= Beginning of Section =
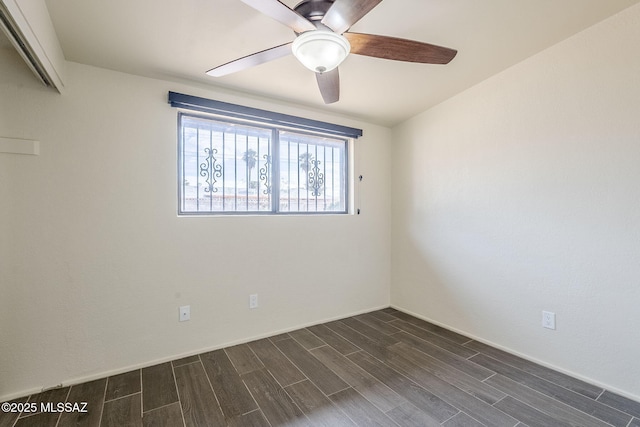 empty room with ceiling fan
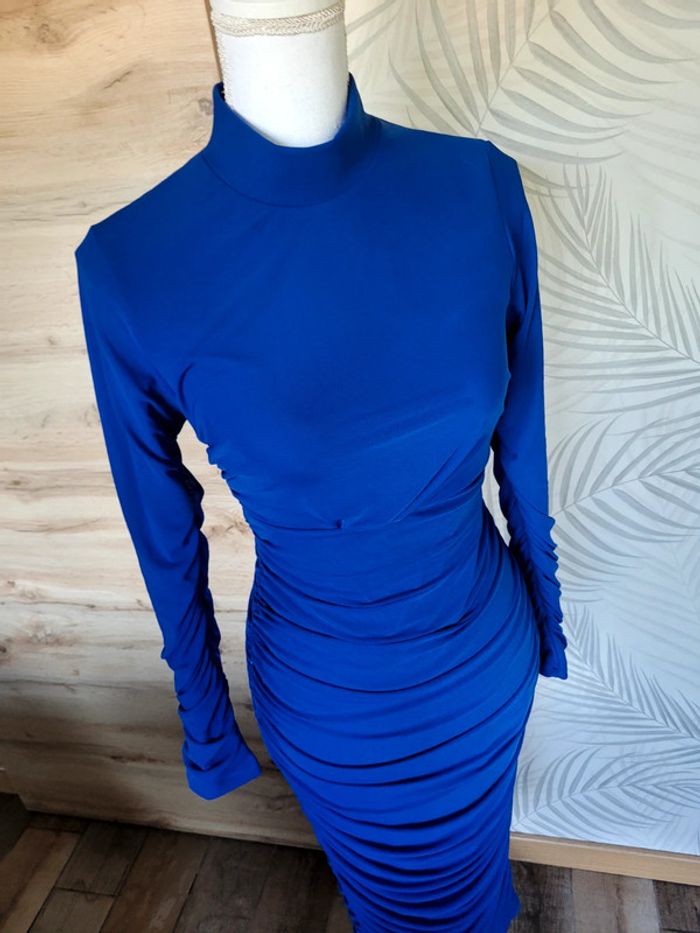 👗Superbe robe neuve femme taille 38 - photo numéro 4
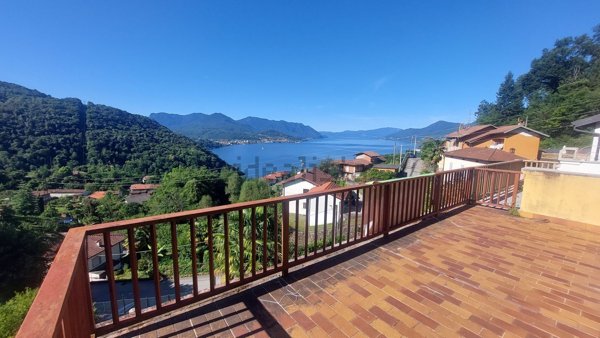 appartamento in vendita a Luino in zona Colmegna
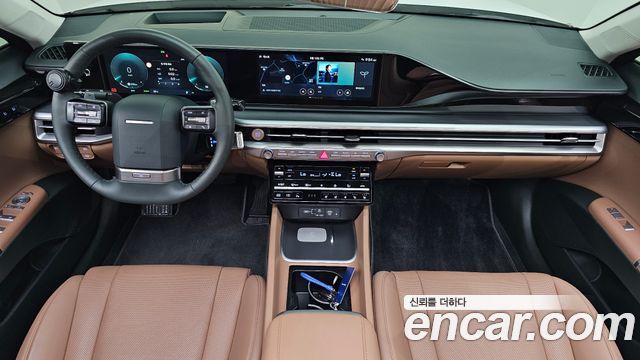 Hyundai Grandeur — interior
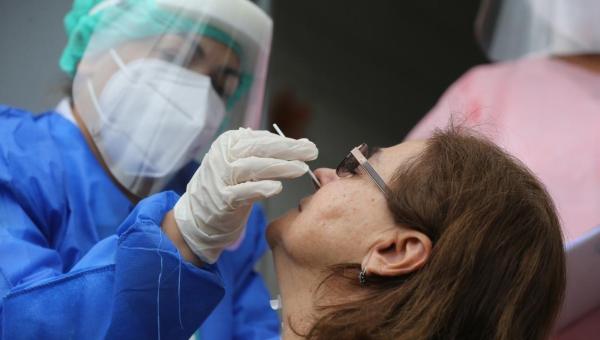 Saiba quais são as diferenças entre os sintomas da gripe e da Covid-19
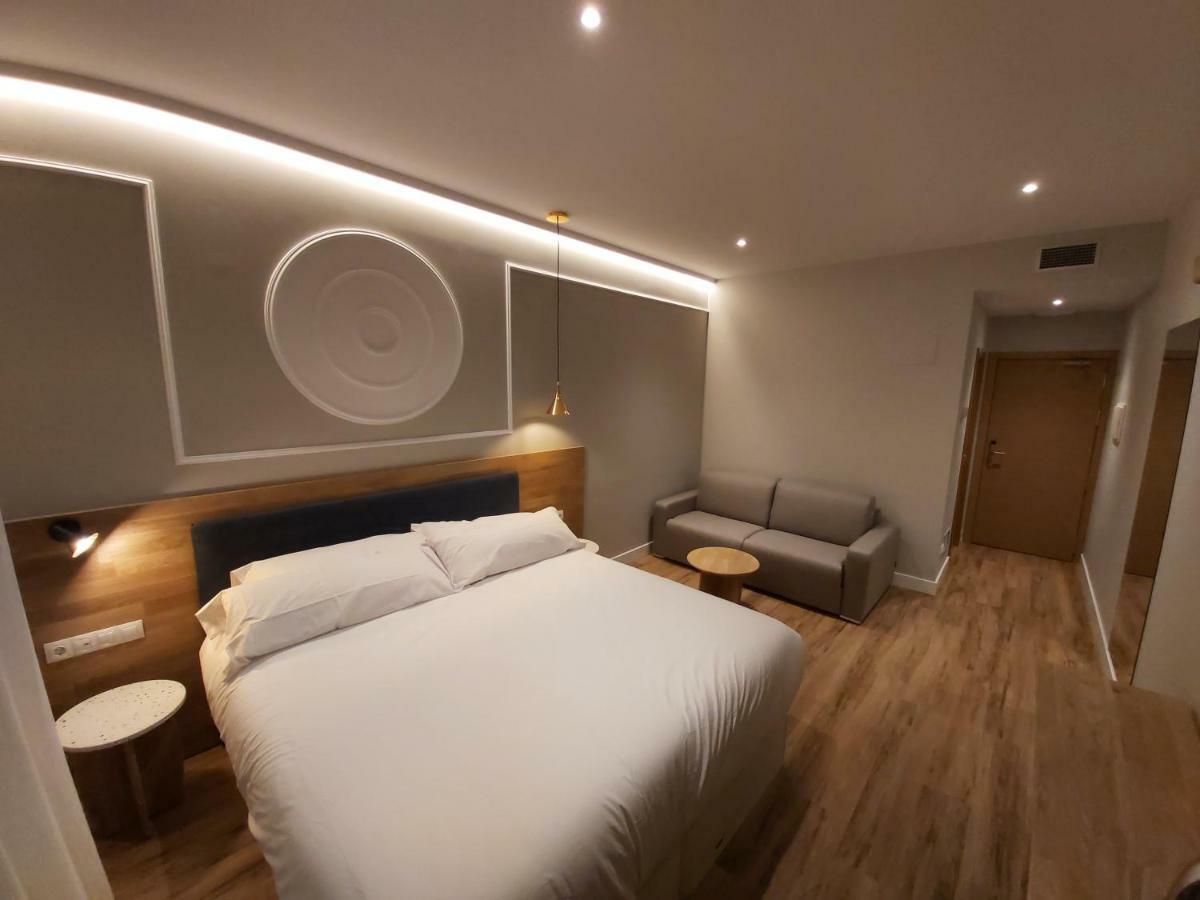 Habital Suites Jaca Exteriör bild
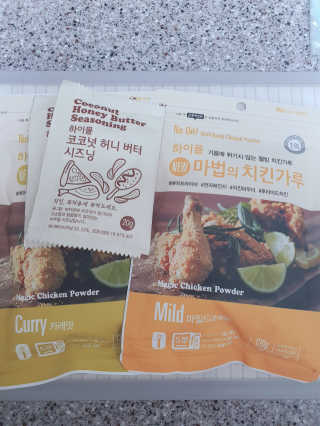 MCP 하이몰 마법의치킨가루2봉랜덤 + 코코넛허니버터2봉 — 5점을 준 리뷰어가 2020년 3월 올린 사용 사진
= End of Section =
# WHAT THE EXERCISE ASKS
Omit any images, then output the listing exactly.

# RESULT OF THIS TASK
 empty room with ceiling fan
 👗Superbe robe neuve femme taille 38 - photo numéro 4
 appartamento in vendita a Luino in zona Colmegna
 Hyundai Grandeur — interior
 Saiba quais são as diferenças entre os sintomas da gripe e da Covid-19
 Habital Suites Jaca Exteriör bild
 MCP 하이몰 마법의치킨가루2봉랜덤 + 코코넛허니버터2봉 — 5점을 준 리뷰어가 2020년 3월 올린 사용 사진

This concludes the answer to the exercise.